**Action item:**
Work through the data line by line, gathering every line that has the word "Shirt".

**Exercise material:**
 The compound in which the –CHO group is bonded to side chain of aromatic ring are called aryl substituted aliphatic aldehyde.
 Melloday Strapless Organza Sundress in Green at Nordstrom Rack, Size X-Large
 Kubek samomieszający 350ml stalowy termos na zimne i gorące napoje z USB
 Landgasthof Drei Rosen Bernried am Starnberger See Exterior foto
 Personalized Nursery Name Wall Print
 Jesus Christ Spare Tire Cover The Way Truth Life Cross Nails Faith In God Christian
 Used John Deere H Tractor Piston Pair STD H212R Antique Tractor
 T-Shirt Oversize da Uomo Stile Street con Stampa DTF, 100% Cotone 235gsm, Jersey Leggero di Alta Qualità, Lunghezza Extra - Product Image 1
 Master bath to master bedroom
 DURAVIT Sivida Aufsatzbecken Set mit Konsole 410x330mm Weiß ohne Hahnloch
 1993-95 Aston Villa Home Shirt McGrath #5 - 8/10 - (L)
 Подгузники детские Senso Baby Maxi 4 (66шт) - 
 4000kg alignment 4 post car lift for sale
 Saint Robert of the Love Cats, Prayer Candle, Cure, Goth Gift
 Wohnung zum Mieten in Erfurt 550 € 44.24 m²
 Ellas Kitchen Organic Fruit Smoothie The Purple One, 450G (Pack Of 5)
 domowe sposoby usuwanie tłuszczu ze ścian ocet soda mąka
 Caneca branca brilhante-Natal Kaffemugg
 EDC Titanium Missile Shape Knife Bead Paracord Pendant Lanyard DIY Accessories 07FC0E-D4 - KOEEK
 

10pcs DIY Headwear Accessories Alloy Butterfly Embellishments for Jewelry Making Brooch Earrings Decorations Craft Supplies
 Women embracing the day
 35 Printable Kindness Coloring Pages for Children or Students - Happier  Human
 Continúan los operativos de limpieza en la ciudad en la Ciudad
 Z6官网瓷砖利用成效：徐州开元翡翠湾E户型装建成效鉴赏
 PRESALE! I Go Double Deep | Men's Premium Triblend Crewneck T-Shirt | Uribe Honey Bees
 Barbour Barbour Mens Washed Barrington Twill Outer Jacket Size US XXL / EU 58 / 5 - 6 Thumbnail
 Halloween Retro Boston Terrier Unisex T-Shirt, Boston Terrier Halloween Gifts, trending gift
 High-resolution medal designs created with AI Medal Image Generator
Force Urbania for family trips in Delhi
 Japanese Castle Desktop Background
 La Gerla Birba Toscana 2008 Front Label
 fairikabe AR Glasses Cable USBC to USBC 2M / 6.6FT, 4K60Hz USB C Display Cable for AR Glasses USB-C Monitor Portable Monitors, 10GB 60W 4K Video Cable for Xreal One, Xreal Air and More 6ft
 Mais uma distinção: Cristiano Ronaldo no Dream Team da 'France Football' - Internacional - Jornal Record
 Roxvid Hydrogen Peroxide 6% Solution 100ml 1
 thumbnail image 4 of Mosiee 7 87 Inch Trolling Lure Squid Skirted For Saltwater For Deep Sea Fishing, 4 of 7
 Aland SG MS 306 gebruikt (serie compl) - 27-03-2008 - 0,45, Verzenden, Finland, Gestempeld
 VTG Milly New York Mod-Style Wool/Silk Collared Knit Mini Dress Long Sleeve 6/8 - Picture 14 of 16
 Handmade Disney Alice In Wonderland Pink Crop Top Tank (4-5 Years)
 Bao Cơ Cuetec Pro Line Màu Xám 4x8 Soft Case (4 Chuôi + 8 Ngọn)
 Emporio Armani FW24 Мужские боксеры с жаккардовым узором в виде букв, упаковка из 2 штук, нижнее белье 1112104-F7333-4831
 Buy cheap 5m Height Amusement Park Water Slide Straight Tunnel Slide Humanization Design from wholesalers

**Result for this exercise:**
 T-Shirt Oversize da Uomo Stile Street con Stampa DTF, 100% Cotone 235gsm, Jersey Leggero di Alta Qualità, Lunghezza Extra - Product Image 1
 1993-95 Aston Villa Home Shirt McGrath #5 - 8/10 - (L)
 PRESALE! I Go Double Deep | Men's Premium Triblend Crewneck T-Shirt | Uribe Honey Bees
 Halloween Retro Boston Terrier Unisex T-Shirt, Boston Terrier Halloween Gifts, trending gift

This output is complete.